**WHAT YOU ARE ASKED TO DO**
Beginning with the line containing "The controller is" and going on through the line containing "Does Bio-Restore Complete", the lines below are to be returned exactly, pictures excluded and nothing added.

Top of DATA UNDER STUDY

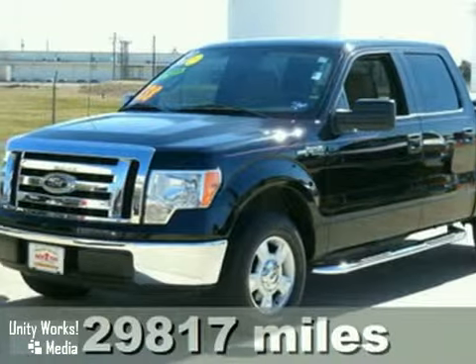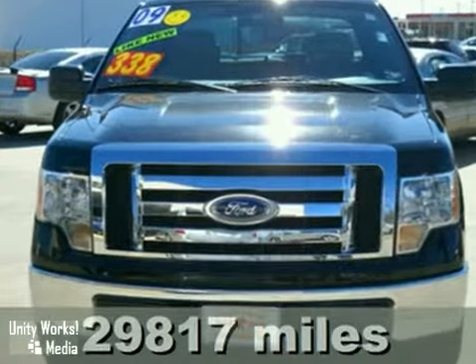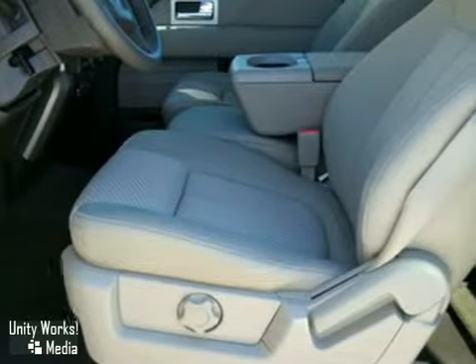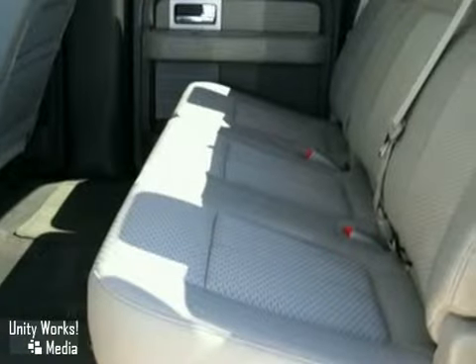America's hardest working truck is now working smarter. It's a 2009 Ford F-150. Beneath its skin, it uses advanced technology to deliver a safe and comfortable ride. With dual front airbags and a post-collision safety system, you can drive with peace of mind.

Bottom of DATA UNDER STUDY
Top of DATA UNDER STUDY

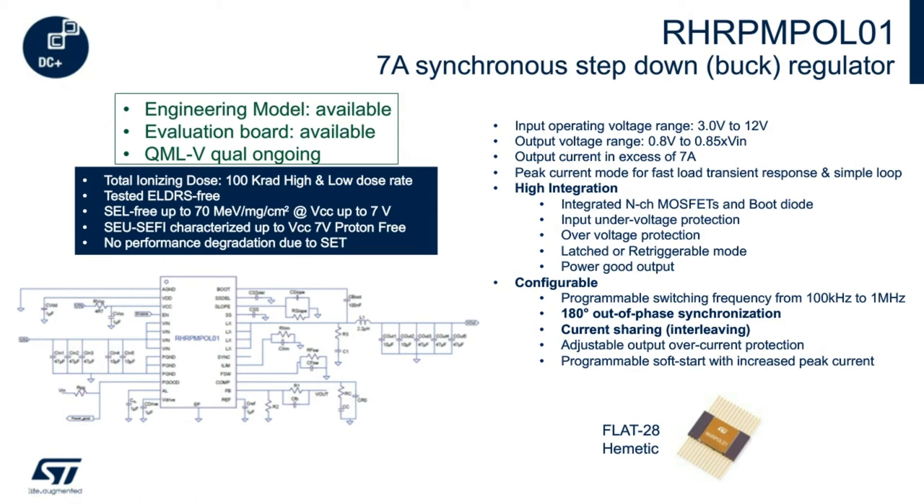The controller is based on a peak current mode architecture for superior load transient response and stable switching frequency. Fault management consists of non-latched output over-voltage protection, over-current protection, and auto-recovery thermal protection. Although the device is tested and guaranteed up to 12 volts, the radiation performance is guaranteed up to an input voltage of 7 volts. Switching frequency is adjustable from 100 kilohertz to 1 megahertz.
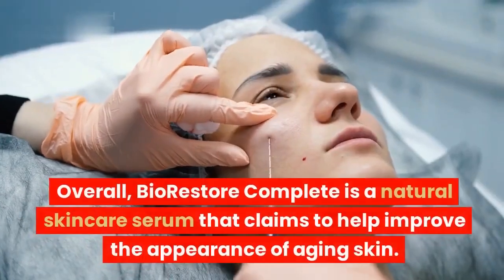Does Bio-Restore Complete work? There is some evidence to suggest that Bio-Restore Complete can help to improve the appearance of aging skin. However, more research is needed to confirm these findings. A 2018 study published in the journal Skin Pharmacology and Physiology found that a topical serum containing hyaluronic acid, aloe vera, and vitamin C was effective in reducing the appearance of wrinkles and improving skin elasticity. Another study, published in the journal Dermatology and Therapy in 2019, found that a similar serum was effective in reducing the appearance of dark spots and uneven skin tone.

Bottom of DATA UNDER STUDY

**FINISHED EXERCISE**
The controller is based on a peak current mode architecture for superior load transient response and stable switching frequency. Fault management consists of non-latched output over-voltage protection, over-current protection, and auto-recovery thermal protection. Although the device is tested and guaranteed up to 12 volts, the radiation performance is guaranteed up to an input voltage of 7 volts. Switching frequency is adjustable from 100 kilohertz to 1 megahertz.
Does Bio-Restore Complete work? There is some evidence to suggest that Bio-Restore Complete can help to improve the appearance of aging skin. However, more research is needed to confirm these findings. A 2018 study published in the journal Skin Pharmacology and Physiology found that a topical serum containing hyaluronic acid, aloe vera, and vitamin C was effective in reducing the appearance of wrinkles and improving skin elasticity. Another study, published in the journal Dermatology and Therapy in 2019, found that a similar serum was effective in reducing the appearance of dark spots and uneven skin tone.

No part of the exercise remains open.